Since trading is a business, it makes sense to look at business management books now and again. David G. Thomson’s Mastering the 7 Essentials of High-Growth Companies: Effective Lessons to Grow Your Business (Wiley, 2010) doesn’t have a lot to offer the individual trader. But here’s an interesting takeaway.
More than 60% of the companies that went public in the last three decades no longer exist; 4% now have more than $1 billion in annual revenue. The highly successful 4% have a common growth curve. First, an entrepreneurial phase where an idea is transformed into a viable business model and growth is modest; the average length of this “runway” is five years. Second, an inflection point “where revenue breaks out into an exponential trajectory.” And, finally, variable growth rates to reach $1 billion in revenue.
Ratchet down the dollars, but the growth curve (or equity curve) of highly successful traders should be somewhat similar. Lots of time figuring out a personal style and an edge, honing the craft, and carving out modest profits. And then, with very careful money management, increasing size and letting the powers of compounding work their exponential magic.
But doesn’t this presume the best of all possible worlds? No, according to Thomson. A “bad” market environment is no excuse for a major drawdown in the equity curve. “America’s exponential-growth companies . . . have a consistent track record of growing through recessions.” (p. 23)

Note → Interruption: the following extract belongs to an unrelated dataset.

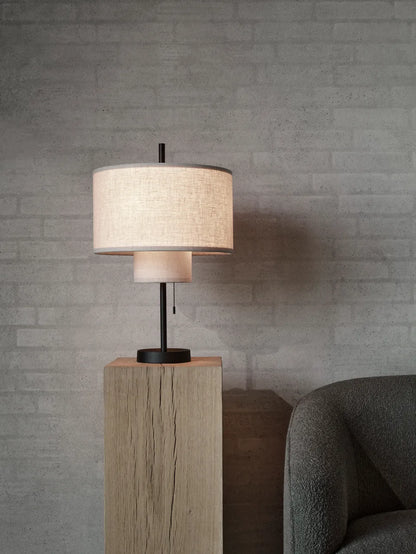 NEW WORKS MARGIN – Table Lamp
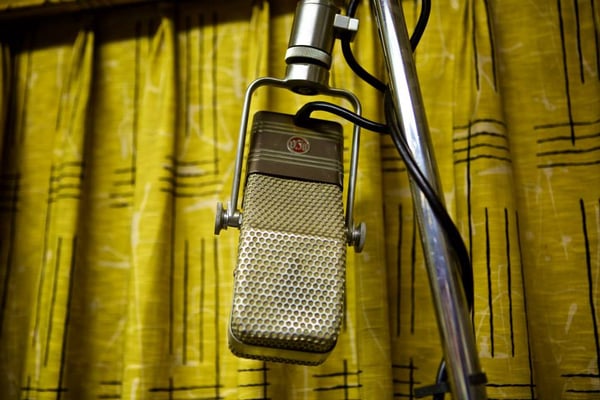 Valentine Recording Studios thumbnail 4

What separates the winners from the losers? Although almost all companies had passionate management teams, the failing companies, Thomson contends, demonstrated “blind passion—they never knew when to quit. . . . These teams fail to self-correct.” (p. 21) In brief, we’re back to the themes of flexibility, agility, nimbleness. Only traders who are flexible, who can self-correct, stand a chance of joining and staying in the top 4%.